The Beitbridge community has rejected a multimillion dollar citrus project proposed by Schweppes Zimbabwe Limited in the Shobi Block for fear that it would disrupt cattle ranging and disempower the already marginalized villagers.
The project was going to run under Beitbridge Juicing (BBJ), a subsidiary of Schweppes.
The project which was supposed to cover 4 000 hectares of citrus plants was thrown out by stakeholders during a meeting held at Beitbridge Rural District Council Boardroom on Friday last week.
Traditional leaders and councilors vehemently rejected the project after a presentation by BBJ representatives.

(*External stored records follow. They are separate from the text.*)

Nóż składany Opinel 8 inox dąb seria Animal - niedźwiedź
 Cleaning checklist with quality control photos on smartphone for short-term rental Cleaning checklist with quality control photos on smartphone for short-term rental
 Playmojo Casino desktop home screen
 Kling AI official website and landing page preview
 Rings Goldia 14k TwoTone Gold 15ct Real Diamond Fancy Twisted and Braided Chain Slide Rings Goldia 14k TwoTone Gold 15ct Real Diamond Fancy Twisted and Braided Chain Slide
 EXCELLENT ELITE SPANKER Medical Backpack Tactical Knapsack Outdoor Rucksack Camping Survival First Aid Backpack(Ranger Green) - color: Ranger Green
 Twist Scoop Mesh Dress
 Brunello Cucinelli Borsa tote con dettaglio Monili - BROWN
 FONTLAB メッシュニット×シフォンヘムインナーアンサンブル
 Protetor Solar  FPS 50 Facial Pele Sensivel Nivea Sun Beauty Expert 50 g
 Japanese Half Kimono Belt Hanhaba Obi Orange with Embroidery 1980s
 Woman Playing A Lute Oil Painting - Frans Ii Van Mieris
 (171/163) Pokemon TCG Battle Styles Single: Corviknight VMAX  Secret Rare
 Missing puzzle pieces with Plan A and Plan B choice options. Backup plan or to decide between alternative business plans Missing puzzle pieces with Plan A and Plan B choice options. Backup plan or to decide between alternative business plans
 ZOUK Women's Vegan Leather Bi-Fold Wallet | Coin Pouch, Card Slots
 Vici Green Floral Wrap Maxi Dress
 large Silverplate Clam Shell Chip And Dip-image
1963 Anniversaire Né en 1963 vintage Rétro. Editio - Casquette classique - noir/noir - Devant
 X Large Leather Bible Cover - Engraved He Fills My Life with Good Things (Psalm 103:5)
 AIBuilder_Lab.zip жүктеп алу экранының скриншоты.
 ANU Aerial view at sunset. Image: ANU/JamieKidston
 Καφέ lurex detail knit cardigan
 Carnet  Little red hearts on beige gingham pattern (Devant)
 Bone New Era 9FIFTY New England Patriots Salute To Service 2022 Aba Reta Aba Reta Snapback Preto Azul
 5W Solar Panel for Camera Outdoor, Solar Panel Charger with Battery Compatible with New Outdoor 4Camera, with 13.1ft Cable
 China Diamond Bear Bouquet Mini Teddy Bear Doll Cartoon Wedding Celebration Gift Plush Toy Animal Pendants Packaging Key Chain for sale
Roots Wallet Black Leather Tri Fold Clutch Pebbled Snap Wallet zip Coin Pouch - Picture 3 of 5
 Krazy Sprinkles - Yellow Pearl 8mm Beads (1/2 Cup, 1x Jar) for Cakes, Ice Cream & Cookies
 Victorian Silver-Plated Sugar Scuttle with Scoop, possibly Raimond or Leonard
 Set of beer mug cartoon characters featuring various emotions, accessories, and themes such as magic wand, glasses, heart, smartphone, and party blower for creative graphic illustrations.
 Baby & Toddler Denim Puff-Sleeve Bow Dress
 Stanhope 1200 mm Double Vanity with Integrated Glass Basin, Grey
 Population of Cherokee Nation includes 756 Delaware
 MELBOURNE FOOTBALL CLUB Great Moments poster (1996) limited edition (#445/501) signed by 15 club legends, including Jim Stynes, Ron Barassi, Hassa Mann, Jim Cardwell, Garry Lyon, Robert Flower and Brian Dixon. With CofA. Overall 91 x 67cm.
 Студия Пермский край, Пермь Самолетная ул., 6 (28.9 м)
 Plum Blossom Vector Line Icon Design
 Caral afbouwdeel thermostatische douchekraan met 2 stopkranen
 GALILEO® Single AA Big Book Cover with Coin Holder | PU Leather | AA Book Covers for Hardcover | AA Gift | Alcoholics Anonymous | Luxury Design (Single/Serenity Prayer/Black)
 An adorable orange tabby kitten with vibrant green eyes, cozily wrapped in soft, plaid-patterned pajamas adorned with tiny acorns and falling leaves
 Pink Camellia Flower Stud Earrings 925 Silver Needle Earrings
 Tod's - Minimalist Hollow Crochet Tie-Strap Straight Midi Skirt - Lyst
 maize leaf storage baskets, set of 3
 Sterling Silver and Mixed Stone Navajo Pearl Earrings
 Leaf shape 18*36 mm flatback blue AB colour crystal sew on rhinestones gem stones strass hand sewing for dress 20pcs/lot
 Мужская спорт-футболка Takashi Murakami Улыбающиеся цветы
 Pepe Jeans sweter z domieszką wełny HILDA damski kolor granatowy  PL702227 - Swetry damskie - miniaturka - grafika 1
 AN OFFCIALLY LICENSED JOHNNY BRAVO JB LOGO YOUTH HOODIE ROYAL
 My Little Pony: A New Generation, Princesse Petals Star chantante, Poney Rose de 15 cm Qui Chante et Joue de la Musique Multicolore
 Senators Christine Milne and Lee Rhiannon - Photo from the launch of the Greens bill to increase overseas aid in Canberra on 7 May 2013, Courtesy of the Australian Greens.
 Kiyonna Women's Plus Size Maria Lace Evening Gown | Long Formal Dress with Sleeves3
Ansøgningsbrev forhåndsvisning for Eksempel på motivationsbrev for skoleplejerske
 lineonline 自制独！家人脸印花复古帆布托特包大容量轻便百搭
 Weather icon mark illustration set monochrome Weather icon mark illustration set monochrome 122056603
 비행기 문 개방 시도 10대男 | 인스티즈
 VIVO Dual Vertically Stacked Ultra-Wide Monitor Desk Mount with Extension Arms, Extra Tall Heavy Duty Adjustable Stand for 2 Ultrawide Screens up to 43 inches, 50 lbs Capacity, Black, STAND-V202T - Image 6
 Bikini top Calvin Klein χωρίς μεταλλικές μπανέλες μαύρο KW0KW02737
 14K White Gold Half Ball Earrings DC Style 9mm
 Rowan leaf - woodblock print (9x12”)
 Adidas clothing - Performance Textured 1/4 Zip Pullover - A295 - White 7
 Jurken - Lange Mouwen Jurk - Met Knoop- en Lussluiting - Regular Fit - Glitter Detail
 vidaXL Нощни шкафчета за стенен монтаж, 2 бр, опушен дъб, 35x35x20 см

They argued that the citrus plant would disempower 5 600 households that are all dependent on cattle ranching.
Chief Sitaudze who was in the meeting appreciated Schweppes for offering the project to Beitbridge but regretted the negative effects it would have on the ordinary villager. He asked Schweppes to approach Government for underutilized farms in the district.
The MP for BeitbridgeWest, Ruth Mavhungu said she is not aware of the project.
Five wards with 43 000 cattle or 48% of the total number of cattle in the district were going to be affected by the project. Official figures also show that 82% of the district’s goats and 52% of goats will be affected.
The wards are 7, 8, 9, 10 and 11 whereby ward 8 is by the border with South Africa and Botswana, and part of ward 9 is by the border with Botswana.
They said grazing land would be lost forcing villagers to find pasture across the border in Botswana where cattle will be shot for straying.
The meeting was also attended by officials from different Government departments.
BBJ manager Charles Tembo referred The Mirror to the company public relations officer Unaiswi Nyikadzino who could not be reached by the time of going to print.
The community, councilors and traditional leaders including chief Sitaudze and Headman Mazibeni turned down the proposal.
“We appreciate you for bringing such a project to Beitbridge but we implore you to bring projects that do not clash with existing community projects.
Representatives of residents of Shobi Block have made it clear to you that the land in question is their grazing land. If you implement this project we will soon hear that Zimbabwean cattle are being shot across the border in Botswana for straying.
“We have made this decision in order to protect the already existing development. We are not dismissing you but we are only saying that bring development that does not create conflict,” said Chief Sitaudze.